How do I Make a PDF searchable for a flask search application?

Question

I have been doing research for a very important personal project. I would like to create a Flask Search Application that allows me to search for content across 100 Plus PDF files. I have found Some information around A ElasticSearch Lib that works well with flask.

#!/usr/bin/env python3
#-*- coding: utf-8 -*-

# import libraries to help read and create PDF
import PyPDF2
from fpdf import FPDF
import base64
import json
from flask import Flask, jsonify, request, render_template,  json
from datetime import datetime
import pandas as pd

# import the Elasticsearch low-level client library
from elasticsearch import Elasticsearch
# create a new client instance of Elasticsearch
elastic_client = Elasticsearch(hosts=["localhost"])
es = Elasticsearch("http://localhost:9200/")
app = Flask(__name__)

# create a new PDF object with FPDF
pdf = FPDF()

# use an iterator to create 10 pages
for page in range(10):
    pdf.add_page()
    pdf.set_font("Arial", size=14)
    pdf.cell(150, 12, txt="Object Rocket ROCKS!!", ln=1, align="C")

# output all of the data to a new PDF file
pdf.output("object_rocket.pdf")

'''
read_pdf = PyPDF2.PdfFileReader("object_rocket.pdf")
page = read_pdf.getPage(0)
page_mode = read_pdf.getPageMode()
page_text = page.extractText()
print (type(page_text))
'''
#with open(path, 'rb') as file:

# get the PDF path and read the file
file = "Sheet3.pdf"
read_pdf = PyPDF2.PdfFileReader(file, strict=False)
#print (read_pdf)

# get the read object's meta info
pdf_meta = read_pdf.getDocumentInfo()

# get the page numbers
num = read_pdf.getNumPages()
print ("PDF pages:", num)

# create a dictionary object for page data
all_pages = {}

# put meta data into a dict key
all_pages["meta"] = {}

# Use 'iteritems()` instead of 'items()' for Python 2
for meta, value in pdf_meta.items():
    print (meta, value)
    all_pages["meta"][meta] = value

# iterate the page numbers
for page in range(num):
    data = read_pdf.getPage(page)
    #page_mode = read_pdf.getPageMode()

    # extract the page's text
    page_text = data.extractText()

    # put the text data into the dict
    all_pages[page] = page_text

# create a JSON string from the dictionary
json_data = json.dumps(all_pages)
#print ("\nJSON:", json_data)

# convert JSON string to bytes-like obj
bytes_string = bytes(json_data, 'utf-8')
#print ("\nbytes_string:", bytes_string)

# convert bytes to base64 encoded string
encoded_pdf = base64.b64encode(bytes_string)
encoded_pdf = str(encoded_pdf)
#print ("\nbase64:", encoded_pdf)

# put the PDF data into a dictionary body to pass to the API request
body_doc = {"data": encoded_pdf}

# call the index() method to index the data
result = elastic_client.index(index="pdf", doc_type="_doc", id="42", body=body_doc)

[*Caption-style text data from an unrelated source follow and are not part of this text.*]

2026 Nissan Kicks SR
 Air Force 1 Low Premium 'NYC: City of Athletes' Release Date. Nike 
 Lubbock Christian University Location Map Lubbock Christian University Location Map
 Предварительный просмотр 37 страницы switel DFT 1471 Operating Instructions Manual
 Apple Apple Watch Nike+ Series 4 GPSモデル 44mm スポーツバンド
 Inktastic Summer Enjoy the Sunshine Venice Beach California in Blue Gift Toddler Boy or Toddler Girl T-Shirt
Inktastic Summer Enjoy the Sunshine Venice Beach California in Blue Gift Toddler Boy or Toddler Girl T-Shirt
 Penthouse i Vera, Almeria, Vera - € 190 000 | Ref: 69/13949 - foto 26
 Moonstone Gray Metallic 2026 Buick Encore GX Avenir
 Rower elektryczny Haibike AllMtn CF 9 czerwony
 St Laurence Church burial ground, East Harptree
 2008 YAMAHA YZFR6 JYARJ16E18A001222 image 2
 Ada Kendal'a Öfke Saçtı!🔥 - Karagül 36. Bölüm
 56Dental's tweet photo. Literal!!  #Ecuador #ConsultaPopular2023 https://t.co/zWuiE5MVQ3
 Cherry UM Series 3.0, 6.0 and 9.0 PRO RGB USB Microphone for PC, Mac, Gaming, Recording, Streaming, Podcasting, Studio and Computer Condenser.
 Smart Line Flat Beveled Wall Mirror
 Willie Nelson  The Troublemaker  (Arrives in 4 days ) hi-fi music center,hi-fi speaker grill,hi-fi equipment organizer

# print the returned sresults
#print ("\nindex result:", result['result'])

# make another Elasticsearch API request to get the indexed PDF
result = elastic_client.get(index="pdf", doc_type='_doc', id=42)

# print the data to terminal
result_data = result["_source"]["data"]
#print ("\nresult_data:", result_data, '-- type:', type(result_data))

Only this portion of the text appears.